Bike Citizens: Die Schnittstelle zwischen Radfahrenden und Städten
Bike Citizens bietet nicht nur eine Fahrrad-App, mit der du dein „360 Grad-Cabrio“ entspannt und sicher von A nach B navigieren kannst, sondern arbeitet auch zusammen mit Städten, Unternehmen und Organisationen an Softwarelösungen sowie Kommunikations- und Marketingkonzepten zur Förderung des Radverkehrs. Gegründet wurde Bike Citizens 2011 von den Fahrradkurieren Daniel Kofler und Andreas Stückl, mittlerweile gibt es zwei Standorte in Graz und Berlin und über 35 Mitarbeitende. Die App ist in mehr als 450 Städten in über 30 Ländern verfügbar.

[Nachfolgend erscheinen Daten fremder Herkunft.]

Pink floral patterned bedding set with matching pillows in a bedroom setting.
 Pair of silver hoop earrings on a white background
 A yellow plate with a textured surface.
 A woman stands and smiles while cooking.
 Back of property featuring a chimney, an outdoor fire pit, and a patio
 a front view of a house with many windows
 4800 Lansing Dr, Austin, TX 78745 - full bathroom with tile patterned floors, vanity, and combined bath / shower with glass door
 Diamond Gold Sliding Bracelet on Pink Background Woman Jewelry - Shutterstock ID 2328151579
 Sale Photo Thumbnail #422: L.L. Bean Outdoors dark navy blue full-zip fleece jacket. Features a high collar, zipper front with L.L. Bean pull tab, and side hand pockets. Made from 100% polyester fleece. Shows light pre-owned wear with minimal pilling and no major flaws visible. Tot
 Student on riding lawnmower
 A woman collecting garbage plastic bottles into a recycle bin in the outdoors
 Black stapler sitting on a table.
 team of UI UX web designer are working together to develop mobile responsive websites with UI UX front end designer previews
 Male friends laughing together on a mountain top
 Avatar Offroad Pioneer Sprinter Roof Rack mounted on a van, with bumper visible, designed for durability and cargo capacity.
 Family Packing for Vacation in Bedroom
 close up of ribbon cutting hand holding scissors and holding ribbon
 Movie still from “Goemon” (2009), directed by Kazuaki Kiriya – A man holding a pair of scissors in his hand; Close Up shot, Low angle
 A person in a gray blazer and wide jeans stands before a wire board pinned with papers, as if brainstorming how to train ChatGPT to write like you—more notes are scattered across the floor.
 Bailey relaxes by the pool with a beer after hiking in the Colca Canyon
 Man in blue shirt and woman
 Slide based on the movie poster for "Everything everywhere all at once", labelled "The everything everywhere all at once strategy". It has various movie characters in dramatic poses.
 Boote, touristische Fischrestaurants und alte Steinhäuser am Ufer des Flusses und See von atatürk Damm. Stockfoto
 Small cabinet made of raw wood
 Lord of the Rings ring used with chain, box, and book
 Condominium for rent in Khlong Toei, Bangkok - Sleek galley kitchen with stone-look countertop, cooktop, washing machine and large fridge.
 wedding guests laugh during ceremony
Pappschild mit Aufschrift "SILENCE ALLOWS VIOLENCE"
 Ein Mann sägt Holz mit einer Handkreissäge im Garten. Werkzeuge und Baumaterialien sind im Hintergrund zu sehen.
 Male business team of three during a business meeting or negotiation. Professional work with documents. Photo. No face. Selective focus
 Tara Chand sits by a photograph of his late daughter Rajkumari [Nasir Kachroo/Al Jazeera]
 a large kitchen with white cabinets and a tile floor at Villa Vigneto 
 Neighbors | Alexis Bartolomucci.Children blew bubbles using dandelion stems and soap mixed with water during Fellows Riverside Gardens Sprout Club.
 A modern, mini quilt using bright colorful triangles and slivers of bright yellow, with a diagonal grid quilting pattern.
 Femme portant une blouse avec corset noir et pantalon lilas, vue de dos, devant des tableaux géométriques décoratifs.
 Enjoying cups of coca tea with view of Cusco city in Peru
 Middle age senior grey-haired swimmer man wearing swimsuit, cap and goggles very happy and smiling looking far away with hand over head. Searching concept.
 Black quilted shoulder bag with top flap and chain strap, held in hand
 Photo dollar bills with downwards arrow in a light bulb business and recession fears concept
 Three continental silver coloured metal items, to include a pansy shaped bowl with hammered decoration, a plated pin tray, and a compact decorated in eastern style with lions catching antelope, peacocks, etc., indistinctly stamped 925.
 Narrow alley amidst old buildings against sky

Wir sprachen mit Elisabeth Felberbauer aus dem Bereich Digital Portfolio B2Gov und Produktmanagement bei Bike Citizens.
Auf eurer Webseite sagt ihr, dass Bike Citizens aus dem Bedürfnis heraus entstanden ist, Menschen die schönen Seiten des Radfahrens zu vermitteln. Welche sind das für euch? Und wie vermittelt ihr diese?
Für uns ist das Fahrrad das schönste und schnellste Fortbewegungsmittel in der Stadt. Es ist ein 360-Grad-Cabrio, dass einen die Umgebung hautnah miterleben lässt. Man kann direkt mit seinen Mitmenschen kommunizieren. Egal ob Sommer oder Winter, die Sonne kitzelt auf der Nase und wenn man im Büro ankommt, fühlt man sich frisch und munter.
Um dieses Erlebnis für alle zugänglich zu machen, haben wir eine fahrradfreundliche Navigation für die Stadt entwickelt. Die Bike-Citizens-App bringt Radfahrende – je nach ihren Erfahrungen und Bedürfnissen – entspannt und sicher über Radwege und verkehrsberuhigte Seitenstraßen ans Ziel. Vor allem Umsteigern und Neueinsteigern sowie Familien mit Kindern bietet die Navigation Orientierung und Sicherheit. Aber auch die erfahrensten Radfahrende sind immer wieder überrascht, welche neuen Wege sie durch die App kennenlernen.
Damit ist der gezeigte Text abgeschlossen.